Task instructions
With the pictures removed, please write out every line below exactly as given.

Saved entries:

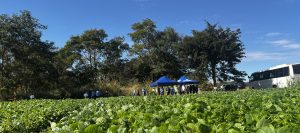 Dia de campo discute certificação de sementes de feijão comum para agroecologia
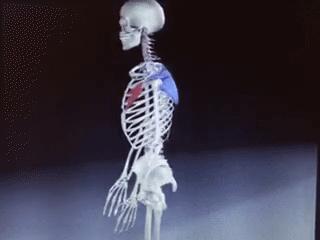 左肩膀和肩胛骨内侧肌肉会疼,右肩膀肩胛骨疼痛怎么快速缓解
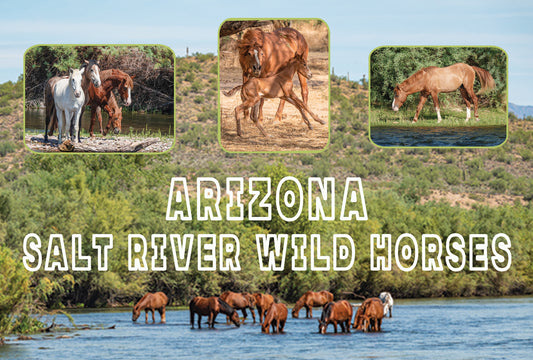 Arizona Salt River Horses on River Postcard
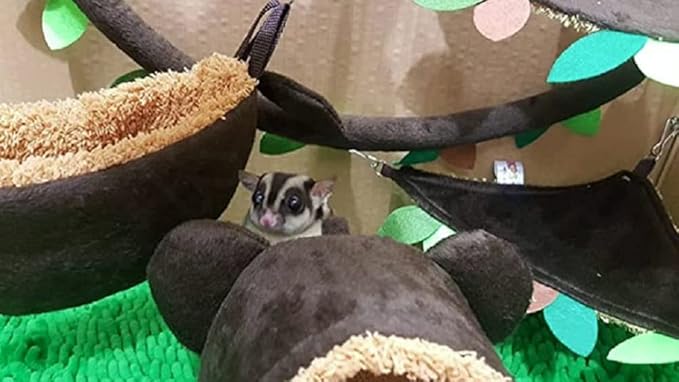 6 Pieces Cute KPS Jungle Bear Style Sugar Glider Hamster Squirrel Chinchillas Small Pet Cage Set Forest Bear Pattern Dark Brown Color Get Free 1 Small Pet Treats (Dry Fish Stick)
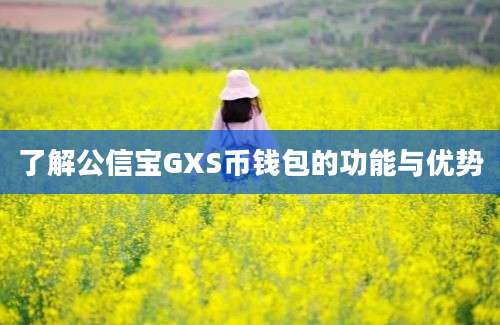 了解公信宝GXS币钱包的功能与优势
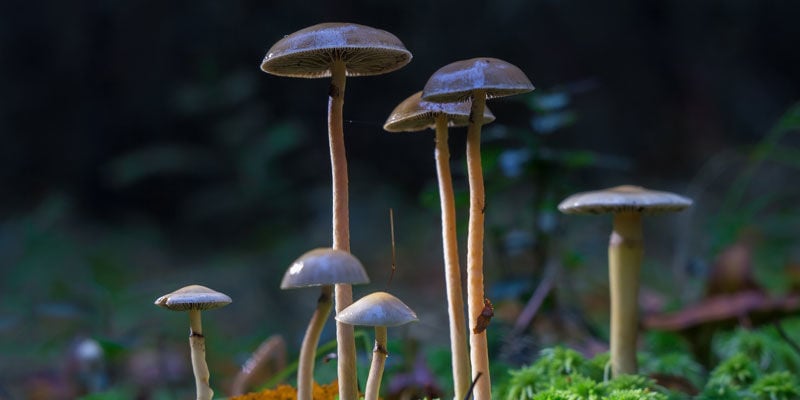 Psilocybe Cubensis: Un Regalo De La Naturaleza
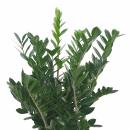 Zamioculcas   ( Ø 28/19 ) 80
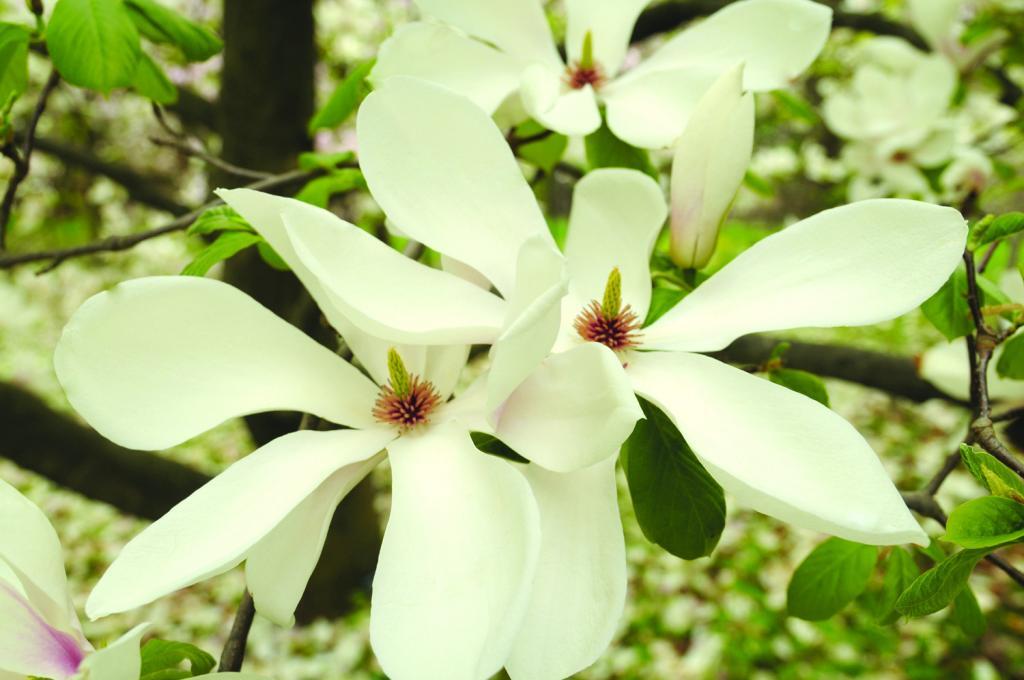 Magnolia x soulangiana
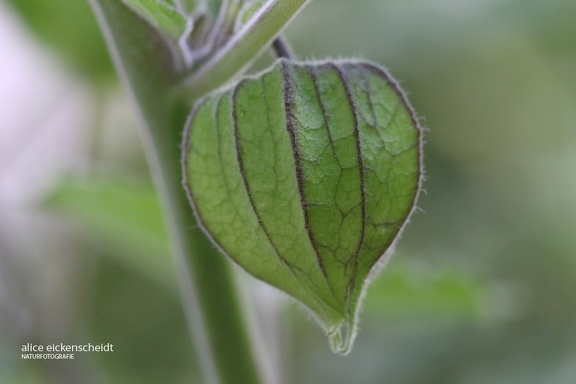 Kapstachelbeere (Physalis peruviana)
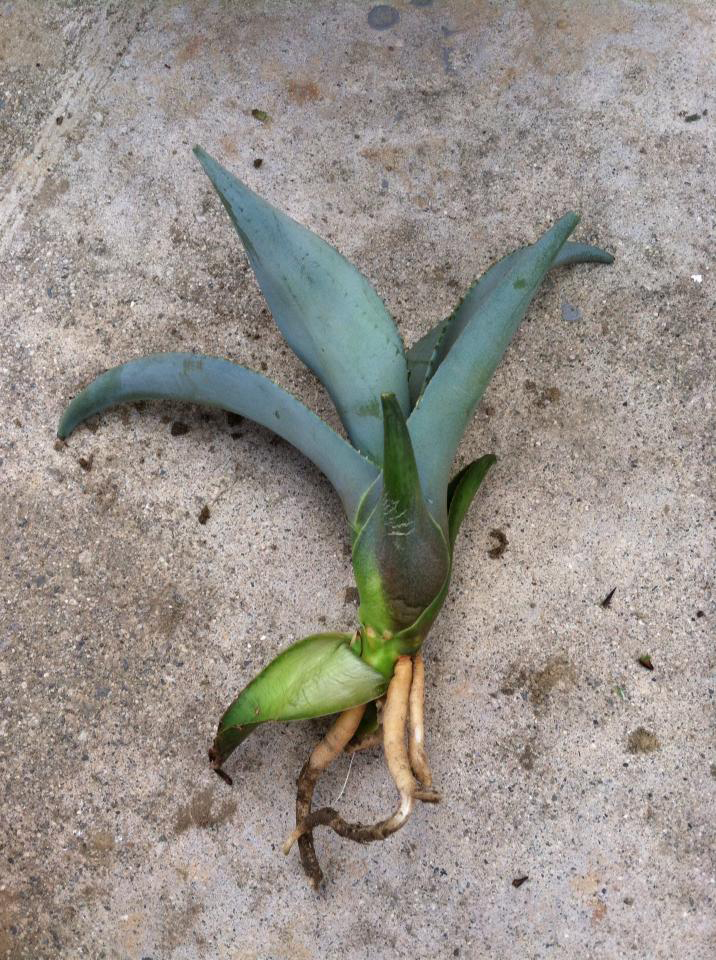 Succulent Succulence Agave Propagation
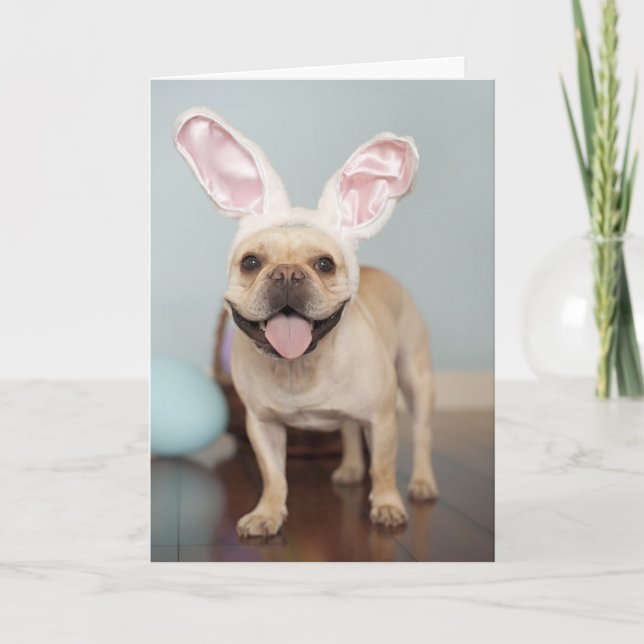 French Bulldog Easter Card! Holiday Card (Front)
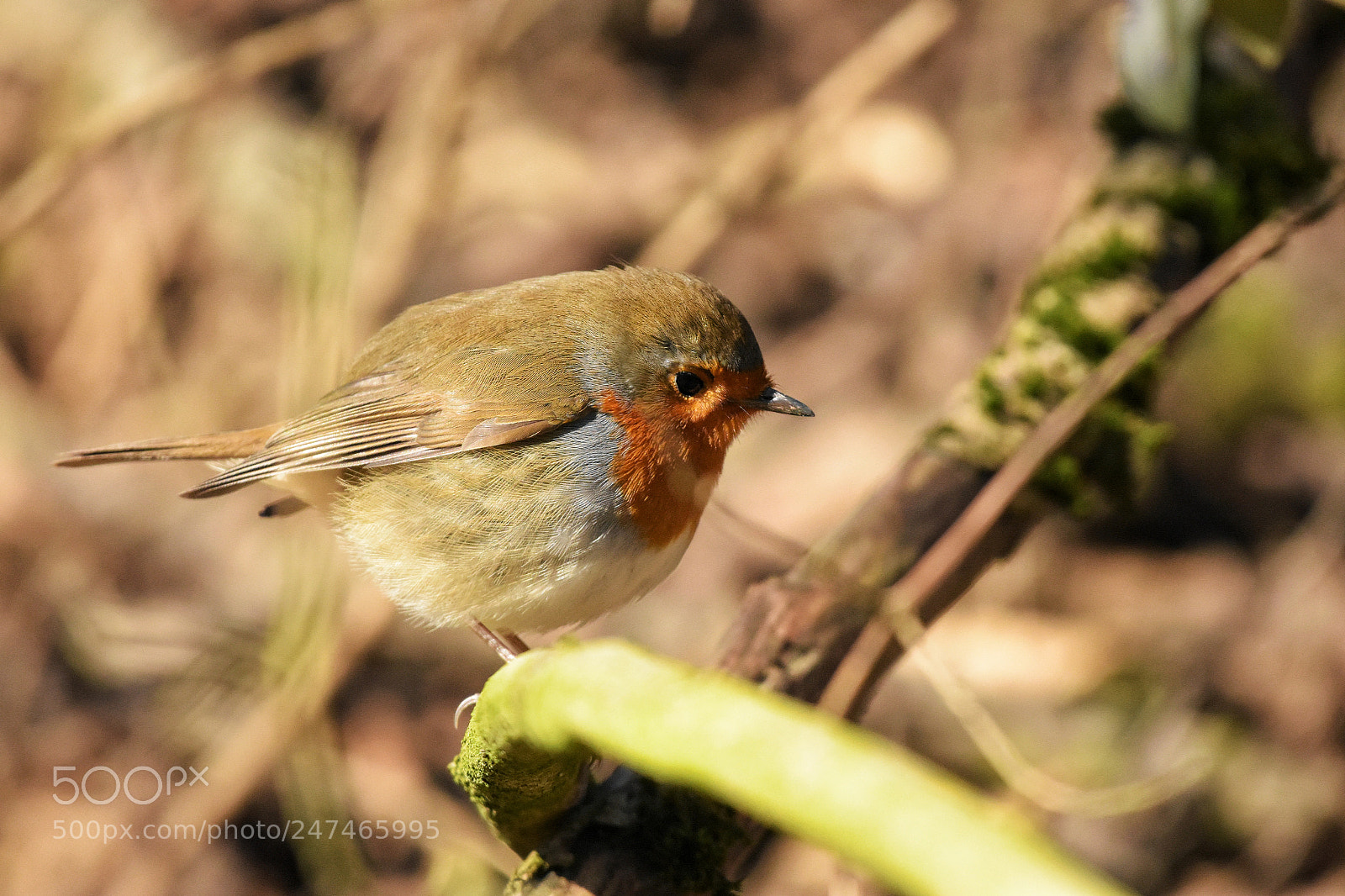 Nikon D7200 sample photo. 'robin (erithacus rubecula)' photography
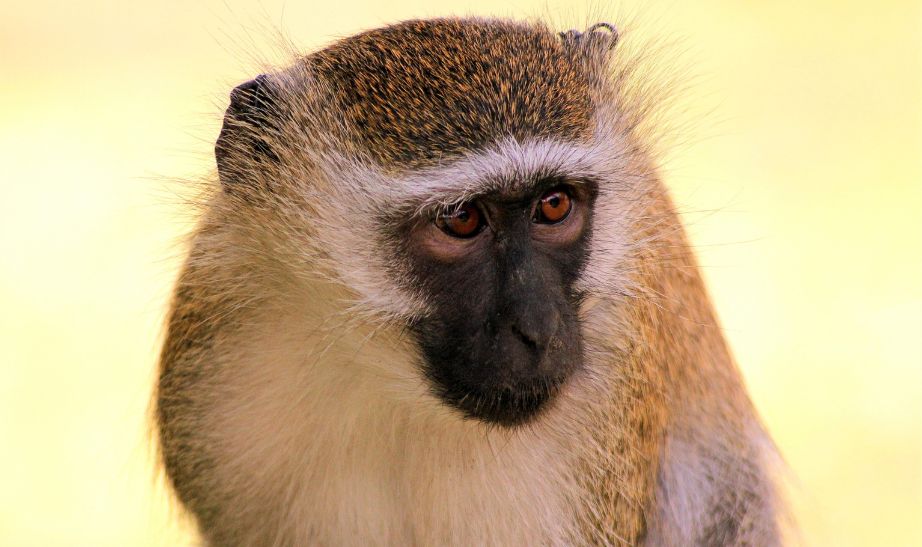 Monkey Malawi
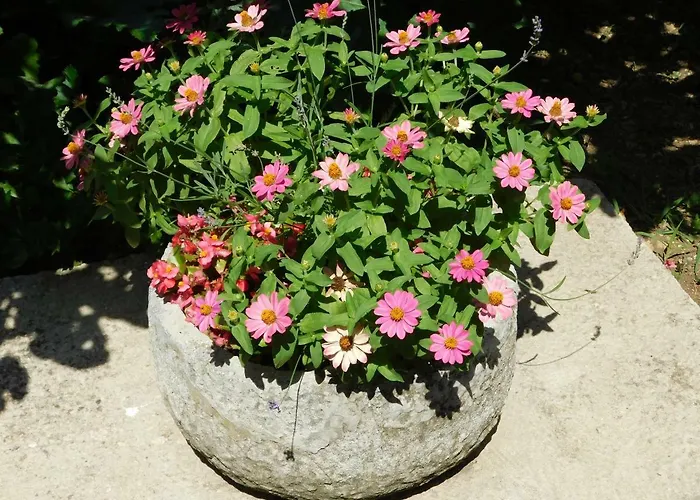 Varelija 아파트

Task answer
 Dia de campo discute certificação de sementes de feijão comum para agroecologia
 左肩膀和肩胛骨内侧肌肉会疼,右肩膀肩胛骨疼痛怎么快速缓解
 Arizona Salt River Horses on River Postcard
 6 Pieces Cute KPS Jungle Bear Style Sugar Glider Hamster Squirrel Chinchillas Small Pet Cage Set Forest Bear Pattern Dark Brown Color Get Free 1 Small Pet Treats (Dry Fish Stick)
 了解公信宝GXS币钱包的功能与优势
 Psilocybe Cubensis: Un Regalo De La Naturaleza
 Zamioculcas   ( Ø 28/19 ) 80
 Magnolia x soulangiana
 Kapstachelbeere (Physalis peruviana)
 Succulent Succulence Agave Propagation
 French Bulldog Easter Card! Holiday Card (Front)
 Nikon D7200 sample photo. 'robin (erithacus rubecula)' photography
 Monkey Malawi
 Varelija 아파트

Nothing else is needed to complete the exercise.